The last SORP was published in 2005 and, while it is normally revised every five years, there has been a 10 year gap before the publication of SORP 2015. There are also two SORPs this time around instead of one, divided according to size of charity. One SORP follows the principles of Financial Reporting Standard 102 (FRS 102) which now applies across the UK and Ireland, and the other SORP follows the principles of the Financial Reporting Standard for Small and Medium Sized Entities (FRSSE). The FRSSE applies to charities that meet the thresholds for small company treatment, which means any two of the following:-

  • Income of not more than £6.5m
  • Balance sheet total of not more than £3.26m
  • Not more than 50 employees

The FRSSE SORP will have a short existence, as the FRSSE itself is subject to review under European Parliament proposals.

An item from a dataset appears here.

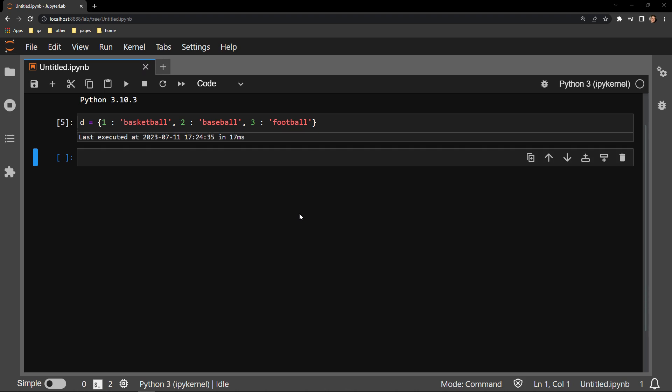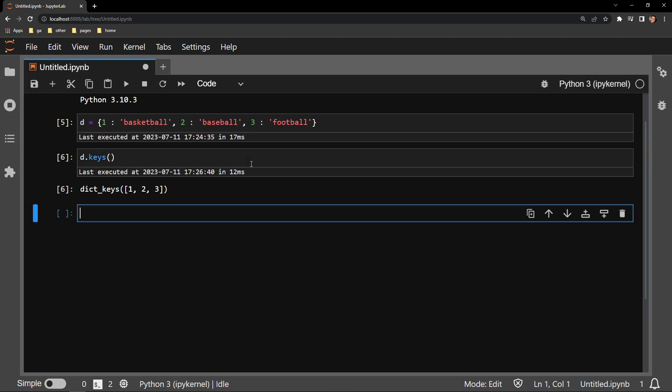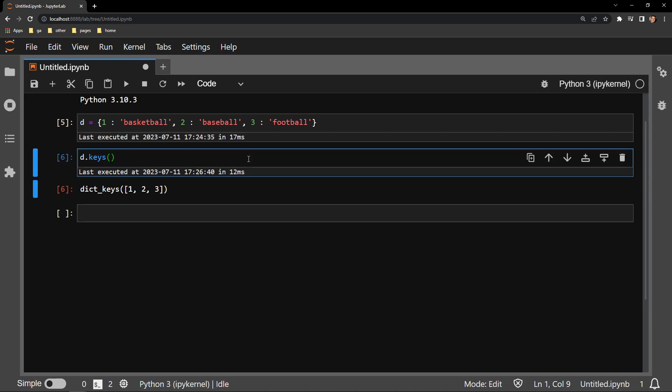If we use the dot keys function on our dictionary object d, we can see that we are returned with the dict keys object. To make this a more useful item to work with, I will turn this into a list using the built-in Python function list.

The way the SORPs' requirements are framed have been simplified in order to make clear those elements which are compulsory and those which are optional.

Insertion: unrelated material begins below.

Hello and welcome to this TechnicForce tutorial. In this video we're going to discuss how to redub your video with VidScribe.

  • MUST is used to indicate parts of the SORP which are mandatory. A failure to abide by these principles will render accounts liable to a qualification in the audit opinion;
  • SHOULD is used to indicate those areas which are considered best practice, but failure to abide by them will not be treated as departing from SORP principles; and
  • MAY is used to indicate principles which are entirely optional, or where there is a choice about how particular figures or notes may be presented.


The headings used in the Statement of Financial Activities (SoFA) have been simplified so that on the income side the headings are now: donations and legacies; charitable activities; other trading activities; investments; other. On the expenditure side, the headings are now: raising funds; charitable activities; other.

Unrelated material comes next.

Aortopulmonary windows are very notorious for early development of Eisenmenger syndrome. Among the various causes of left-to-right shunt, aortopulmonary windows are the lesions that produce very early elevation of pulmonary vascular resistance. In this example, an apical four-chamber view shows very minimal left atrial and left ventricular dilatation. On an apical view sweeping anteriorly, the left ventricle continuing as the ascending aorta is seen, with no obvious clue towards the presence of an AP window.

The separate line under expenditure for governance costs has now been removed, but governance costs must still be disclosed in the notes to the accounts. Gains and losses on investments must now be shown"above the line" in charity accounts, which is not likely to be popular with most charities, as it can distort the income and expenditure figures.

Recognition of income, legacies and donated goods

The provisions in SORP 2005 in relation to recognition of income provided that income had to be recognised in charity accounts when it was"certain" that the charity would receive the income. SORP 2015 changes this to"probable": in other words, when it is more likely than not that the income will be received then the income has to be recognised in the accounts. However, income need not be recognised if the charity is not satisfied that there is a proper entitlement to the income or if the income cannot be measured monetarily, and the impact of this change may therefore be minimal when taking all of these criteria together.

The new SORPs contain additional information on when legacy income has to be accrued in charity accounts, but the overall principles are little changed and most charities will only need to accrue when the executors on the testator's estate have obtained Confirmation (or Probate for English estates).

The value of donated goods ought to be recognised at the time of the receipt of the donated goods, at their fair value, but the SORPs explain that donated goods which are intended for re-sale or distribution can instead be recognised at the time that they are sold or distributed where it is impractical to assess their fair value.

Charity trustee reports

A number of changes are made in the SORPs to the amount of information which has to be included in narrative sections of the charity trustees' report, particularly in relation to achievements and performance, reserves policy and risk management. The section on risk management also requires charities to disclose the principal risks and uncertainties facing the charity, and a summary of plans and strategies which are in place for managing those risks. If there are uncertainties about a charity's ability to continue as a going concern, then this must also be explained in the trustees' report.


The new SORPs are intended to help to make charity accounts as transparent as possible and the responsibility properly to account for and report on a charity's activities rests ultimately with the charity trustees. It is important that charity trustees understand what the requirements of the SORPs are and begin to prepare now for changes which lie ahead in relation to their own charities' accounts.